During the summer of 1862 the Arkansas State Capital moved from Little Rock to Hot Springs to escape the approaching Union Army and the city served as the State Capital at least from July 2 to July 14. The state's records were stored in Governor Henry Massie Rector's two-story home and adjacent log kitchen on the site of the present day Arlington Lawn.
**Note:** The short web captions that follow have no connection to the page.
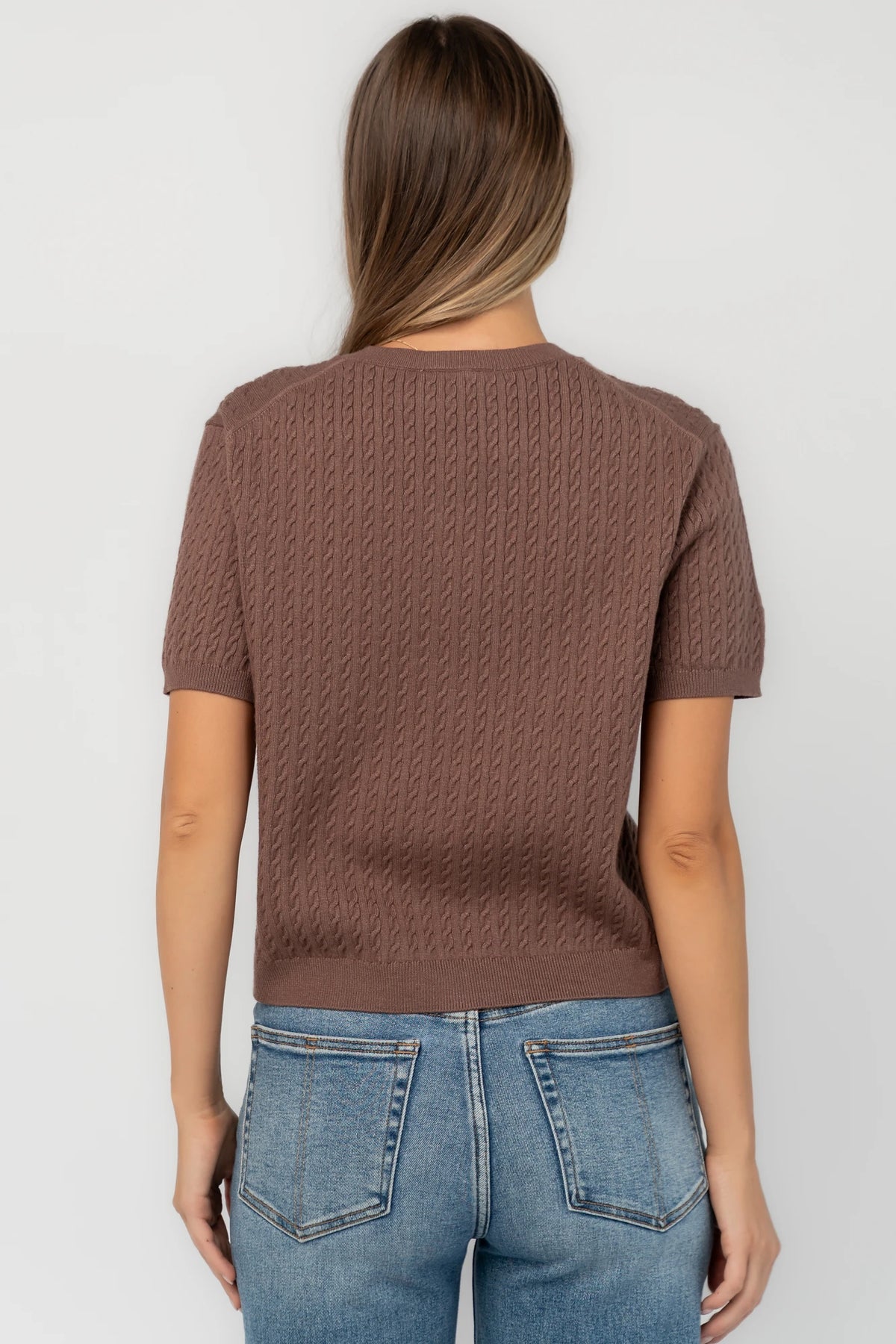 Brown cable knit cardigan with a round neckline, short sleeves, button-front closure, ribbed trim, and a relaxed fit.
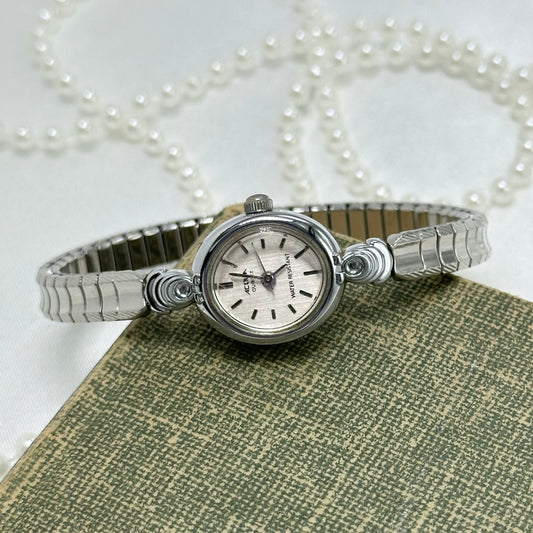 Silver tone round dial Acqua watch with quartz movement and stretchable band. Water Resistant.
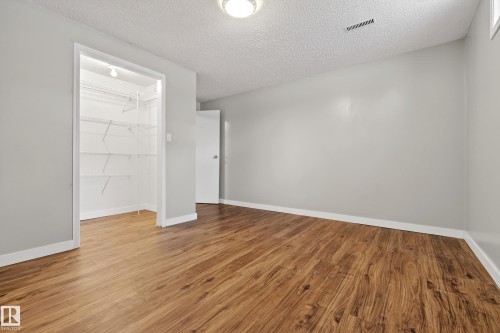 Room featuring wood-look flooring, light gray walls, and a white ceiling with a flush-mount light fixture - 17 Austin Crescent, St. Albert, AB - Indoor Photo Showing Other Room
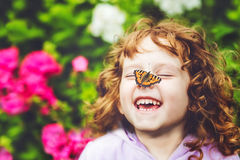 beautiful-little-girl-butterfly-his-nose-laughing-46175405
The capital moved back to Little Rock after its brief time in Hot Springs before moving again in September 1863 to Old Washington in Hempstead County, where it remained until the war ended.
"As we mark the sesquicentennial of our town serving as the state capital, we started discussing how to best bring attention to those July days in 1862," said Josie Fernandez, Superintendent of Hot Springs National Park. "So we contacted folks we thought would like to join us in that endeavor and we are very excited about the response."
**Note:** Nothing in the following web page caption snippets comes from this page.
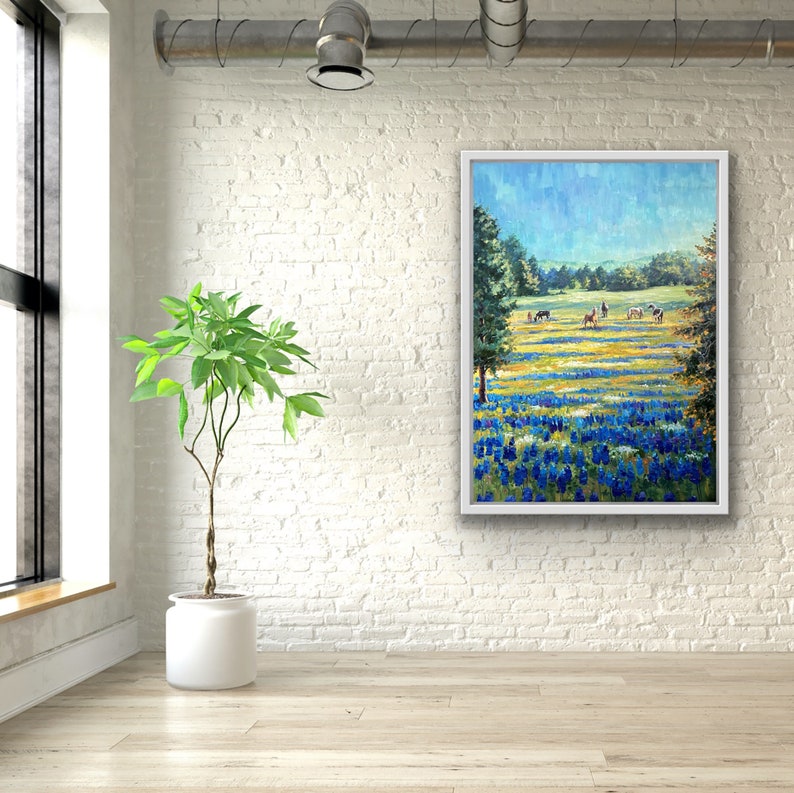 May include: A rectangular framed painting depicting a vibrant landscape with a field of blue and yellow wildflowers in the foreground, green trees on the sides, and several horses grazing in the distance under a bright blue sky.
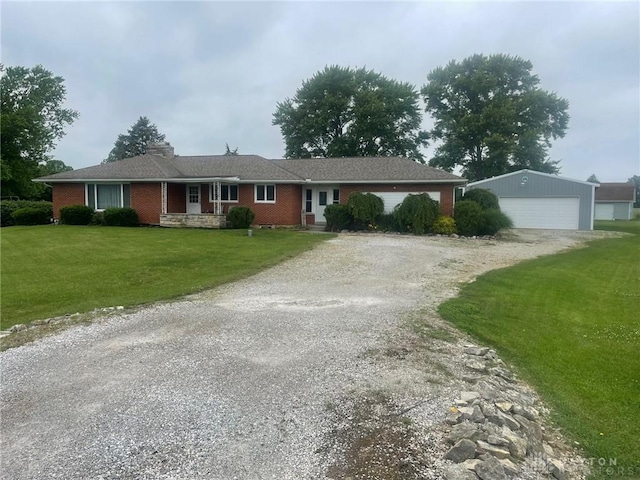 311 Swailes Rd, Troy, OH 45373 - ranch-style home with an outdoor structure, a garage, a front lawn, and brick siding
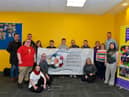 Group pictured in the Foyle Down Syndrome Trust’s offices in The Shared Future centre, Waterside, at the launch of the National Children’s Football Alliance sponsored ‘Football makes our Shared History ‘project.  Included in the photograph are Ernie Brennan, managing director, National Children’s Football Alliance, on the left, staff members Conor McGilloway and Sue McElwee and Christopher Cooper, manager FDST. Photo: George Sweeney.  DER2206GS – 066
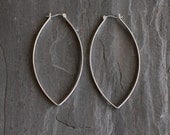 Sturdy sterling silver hoops with a twist designed to stand out with its modern leaf like shape and larger size - "Porter Hoop Earrings"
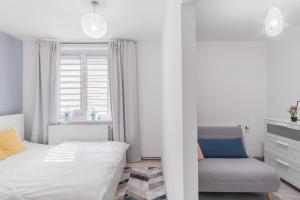 A bed or beds in a room at Bright Condo in Nusle by Prague Days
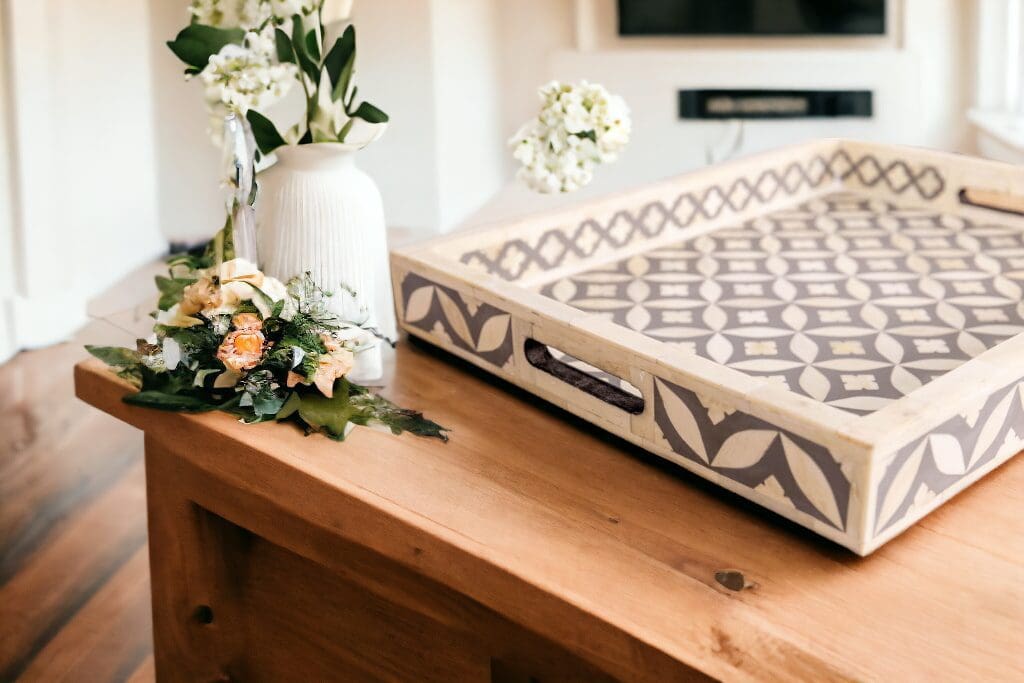 A wooden tray with flowers on top of it.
Todd Cranson, Executive Director of the Hot Springs Music Festival, and Liz Robbins, Executive Director, Garland County Historical Society, greeted the idea with enthusiasm and were on board from the start of the discussions.
"We have chosen to present a 19th century civilian ball," said Cranson. "The story of the Civil War in Hot Springs is primarily a story of individual people's struggles. 150 years later a diversion like this is still a popular way to escape the troubles of life and enjoy the people around you who really matter most."
For Robbins, the weekend presented a great opportunity to learn more about that period in American history.
"A lot happened here during the Civil War - the 1862 move of the state capital, men leaving to join the Northern and the Southern armies, fierce skirmishes, looting and killings by guerrilla bands, food shortages, and the burning of the town, " she said. "This weekend event is a great opportunity to learn about our Civil War past and to think about how much we today have been affected by those times."
Others groups involved in "A Capital Weekend" include the Arkansas History Commission, Visit Hot Springs, and the Arkansas Rehabilitation Center.